Today Andrew Coyne agreed that the Supremes' ruling is absurd:
... "this is just the sort of flaky decision the Court is capable of ..." [although Coyne wanders off into irrelevant territory and ridiculous and gratuitous insults to Judge Nadon.]
 As did  Constitutional Law Professor, Grant Huscroft:
The Supreme Court of Canada’s decision in the Nadon Reference is as bad a decision as the Court has made in recent memory.
... The result is absurd, according to Justice Moldaver, because Judge Nadon would become eligible for appointment to the Supreme Court if he were to rejoin the Quebec bar for as little as a single day.
This supremely absurd decision is a result either of gross over-thinking of the problem or of a conspiracy by activist judges to disqualify someone they don't like. Both possibilities cast serious doubt on the "wisdom" of their previous rulings.

In any case, dissenting Justice Moldaver offered a simple remedy. Nadon should immediately rejoin the Quebec bar. All Stephen Harper has to do is reappoint him.

5 comments:

Martin said...

There is something unseemly about a club as exclusive as the court ruling on who is allowed to join. One would hope this simply isn't 6 of them voting a blackball.
One way to see would be for Nadon pass the Quebec bar exam again and be reappointed. This would cause such a political firestorm that Harper is very unlikely to do it.

Still one wonders why Nadon didn't apply to join 5 months ago? I would also like to know if Nadon is the first appointee since 1875 not to be member of the Quebec bar.
The court ruled he wasn't elgible for a Quebec seat, not that he was unqualified, Seems he is at least as qualified as Rosie Abella.

JR said...

Martin, I agree about the unseemliness of this ruling.
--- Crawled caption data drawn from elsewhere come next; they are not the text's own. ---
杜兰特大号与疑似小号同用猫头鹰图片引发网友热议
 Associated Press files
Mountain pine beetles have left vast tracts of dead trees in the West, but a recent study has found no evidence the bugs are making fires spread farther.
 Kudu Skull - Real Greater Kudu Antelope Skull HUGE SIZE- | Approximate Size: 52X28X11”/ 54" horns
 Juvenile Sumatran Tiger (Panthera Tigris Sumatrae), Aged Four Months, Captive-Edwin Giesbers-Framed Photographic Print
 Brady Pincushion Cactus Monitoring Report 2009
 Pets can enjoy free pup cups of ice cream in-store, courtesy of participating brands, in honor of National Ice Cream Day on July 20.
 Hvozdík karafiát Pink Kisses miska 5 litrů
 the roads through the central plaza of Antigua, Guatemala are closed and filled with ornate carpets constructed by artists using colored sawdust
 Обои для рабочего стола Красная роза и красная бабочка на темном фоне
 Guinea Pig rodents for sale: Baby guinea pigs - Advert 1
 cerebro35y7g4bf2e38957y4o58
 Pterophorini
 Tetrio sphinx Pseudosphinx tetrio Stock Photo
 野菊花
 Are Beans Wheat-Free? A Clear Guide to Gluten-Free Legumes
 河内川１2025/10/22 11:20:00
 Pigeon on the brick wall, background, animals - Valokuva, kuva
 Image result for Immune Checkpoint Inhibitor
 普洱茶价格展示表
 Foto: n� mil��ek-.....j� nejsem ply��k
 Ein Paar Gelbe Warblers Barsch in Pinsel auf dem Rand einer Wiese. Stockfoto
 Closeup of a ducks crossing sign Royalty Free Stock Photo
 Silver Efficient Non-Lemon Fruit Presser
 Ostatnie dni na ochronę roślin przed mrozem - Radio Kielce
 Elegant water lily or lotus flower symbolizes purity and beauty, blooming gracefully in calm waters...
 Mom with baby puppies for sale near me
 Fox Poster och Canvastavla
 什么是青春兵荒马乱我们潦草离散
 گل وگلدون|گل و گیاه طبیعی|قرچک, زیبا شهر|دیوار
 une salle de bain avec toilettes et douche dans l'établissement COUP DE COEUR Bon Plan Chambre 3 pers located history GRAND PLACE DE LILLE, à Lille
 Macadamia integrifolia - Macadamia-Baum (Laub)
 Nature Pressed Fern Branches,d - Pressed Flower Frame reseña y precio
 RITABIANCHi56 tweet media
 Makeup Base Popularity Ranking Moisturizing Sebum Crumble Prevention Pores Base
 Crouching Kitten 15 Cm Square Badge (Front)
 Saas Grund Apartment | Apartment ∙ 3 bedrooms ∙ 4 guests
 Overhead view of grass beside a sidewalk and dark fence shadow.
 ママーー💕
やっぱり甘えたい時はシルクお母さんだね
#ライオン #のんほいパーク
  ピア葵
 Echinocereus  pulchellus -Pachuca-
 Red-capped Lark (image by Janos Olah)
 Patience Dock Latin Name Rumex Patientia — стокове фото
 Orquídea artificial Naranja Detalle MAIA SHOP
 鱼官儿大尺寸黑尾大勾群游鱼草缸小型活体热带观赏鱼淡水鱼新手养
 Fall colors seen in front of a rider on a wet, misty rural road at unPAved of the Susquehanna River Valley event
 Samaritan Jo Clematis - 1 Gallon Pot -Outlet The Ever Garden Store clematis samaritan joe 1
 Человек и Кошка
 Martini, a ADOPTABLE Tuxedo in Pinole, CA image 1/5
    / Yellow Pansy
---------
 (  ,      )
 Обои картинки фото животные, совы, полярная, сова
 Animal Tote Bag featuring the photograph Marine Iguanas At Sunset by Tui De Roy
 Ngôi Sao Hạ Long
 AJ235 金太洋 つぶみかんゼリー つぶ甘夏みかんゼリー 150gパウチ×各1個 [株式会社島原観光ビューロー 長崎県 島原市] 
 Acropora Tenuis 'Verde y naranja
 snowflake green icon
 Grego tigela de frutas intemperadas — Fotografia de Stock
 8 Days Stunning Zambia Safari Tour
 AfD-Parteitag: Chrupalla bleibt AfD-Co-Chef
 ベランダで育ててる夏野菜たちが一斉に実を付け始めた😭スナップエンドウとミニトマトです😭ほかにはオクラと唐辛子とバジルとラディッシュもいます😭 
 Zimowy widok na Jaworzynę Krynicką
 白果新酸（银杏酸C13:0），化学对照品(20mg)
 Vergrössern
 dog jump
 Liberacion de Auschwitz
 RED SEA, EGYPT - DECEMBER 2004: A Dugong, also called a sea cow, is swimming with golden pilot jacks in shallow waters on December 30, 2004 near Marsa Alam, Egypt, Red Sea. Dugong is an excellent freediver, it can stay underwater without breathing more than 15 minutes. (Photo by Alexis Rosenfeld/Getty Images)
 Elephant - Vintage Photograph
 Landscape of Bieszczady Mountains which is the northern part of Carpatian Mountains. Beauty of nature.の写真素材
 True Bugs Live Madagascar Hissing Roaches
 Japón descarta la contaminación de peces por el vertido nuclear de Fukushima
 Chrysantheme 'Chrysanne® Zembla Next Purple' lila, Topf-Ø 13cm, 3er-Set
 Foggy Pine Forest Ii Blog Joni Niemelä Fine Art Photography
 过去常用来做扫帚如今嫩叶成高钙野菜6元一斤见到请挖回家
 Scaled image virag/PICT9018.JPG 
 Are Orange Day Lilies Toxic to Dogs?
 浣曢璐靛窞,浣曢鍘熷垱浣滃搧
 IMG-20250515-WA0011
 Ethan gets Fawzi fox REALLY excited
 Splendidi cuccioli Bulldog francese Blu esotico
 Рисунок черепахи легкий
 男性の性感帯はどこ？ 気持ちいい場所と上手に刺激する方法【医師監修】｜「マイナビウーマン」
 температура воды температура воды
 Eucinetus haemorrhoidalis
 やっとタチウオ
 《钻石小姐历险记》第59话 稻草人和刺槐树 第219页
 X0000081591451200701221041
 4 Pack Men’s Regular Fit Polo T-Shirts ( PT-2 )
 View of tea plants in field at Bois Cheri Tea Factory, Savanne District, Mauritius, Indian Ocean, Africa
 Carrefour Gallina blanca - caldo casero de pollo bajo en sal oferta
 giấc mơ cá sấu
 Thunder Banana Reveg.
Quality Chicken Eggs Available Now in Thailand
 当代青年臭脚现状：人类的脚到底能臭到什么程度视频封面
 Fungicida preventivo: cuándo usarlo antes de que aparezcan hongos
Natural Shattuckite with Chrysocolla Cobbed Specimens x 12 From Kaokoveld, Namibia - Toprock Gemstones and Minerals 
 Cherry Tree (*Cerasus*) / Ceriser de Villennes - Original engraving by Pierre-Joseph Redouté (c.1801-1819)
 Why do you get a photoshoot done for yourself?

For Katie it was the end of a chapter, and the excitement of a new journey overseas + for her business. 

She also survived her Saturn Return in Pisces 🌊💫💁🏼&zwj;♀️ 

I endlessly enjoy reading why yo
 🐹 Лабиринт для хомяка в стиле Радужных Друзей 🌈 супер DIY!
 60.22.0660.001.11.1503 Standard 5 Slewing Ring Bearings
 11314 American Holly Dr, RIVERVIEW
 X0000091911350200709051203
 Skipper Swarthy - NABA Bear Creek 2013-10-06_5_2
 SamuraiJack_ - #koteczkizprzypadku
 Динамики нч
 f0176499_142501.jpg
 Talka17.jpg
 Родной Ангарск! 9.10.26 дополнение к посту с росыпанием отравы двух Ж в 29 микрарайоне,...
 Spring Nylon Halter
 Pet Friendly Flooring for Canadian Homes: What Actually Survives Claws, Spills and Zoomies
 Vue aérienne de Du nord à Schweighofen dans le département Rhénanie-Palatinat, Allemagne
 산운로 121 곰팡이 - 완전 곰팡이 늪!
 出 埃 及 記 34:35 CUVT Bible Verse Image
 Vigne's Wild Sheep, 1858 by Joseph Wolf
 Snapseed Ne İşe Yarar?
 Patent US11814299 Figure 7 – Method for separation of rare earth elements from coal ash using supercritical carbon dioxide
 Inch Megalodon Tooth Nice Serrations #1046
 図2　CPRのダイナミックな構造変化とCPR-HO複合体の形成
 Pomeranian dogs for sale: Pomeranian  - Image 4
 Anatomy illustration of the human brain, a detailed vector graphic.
As for Nadon joining the Quebec bar, according to the Supreme Court Act and all the experts that were consulted prior to his appointment, there was no need for him to be a member of the Quebec bar. (But given the absurd SC ruling there is a requirement now.)

What I wonder about is why the Harper government referred the matter to the Supremes in the first place.

Anonymous said...

This information is interesting. It was news to me.
http://www.cbc.ca/asithappens/features/2014/03/21/supreme-court-marc-nadon-appointment-lawyer-rocco-galati/

Anonymous said...

all scoc judges are appointed by a prime minister. who gave said court the right to over rule over any appointment by a pm? what a screwed up place.

Anonymous said...

The "SupremeCourt" is an activist organization, unaccountable, unelected, and undemocratic, just the way Pierre Trudeau wanted it. This latest conjured ruling is yet another example of what a joke this country has been deliberately distorted into. Trudopia is a pretty F'd up place.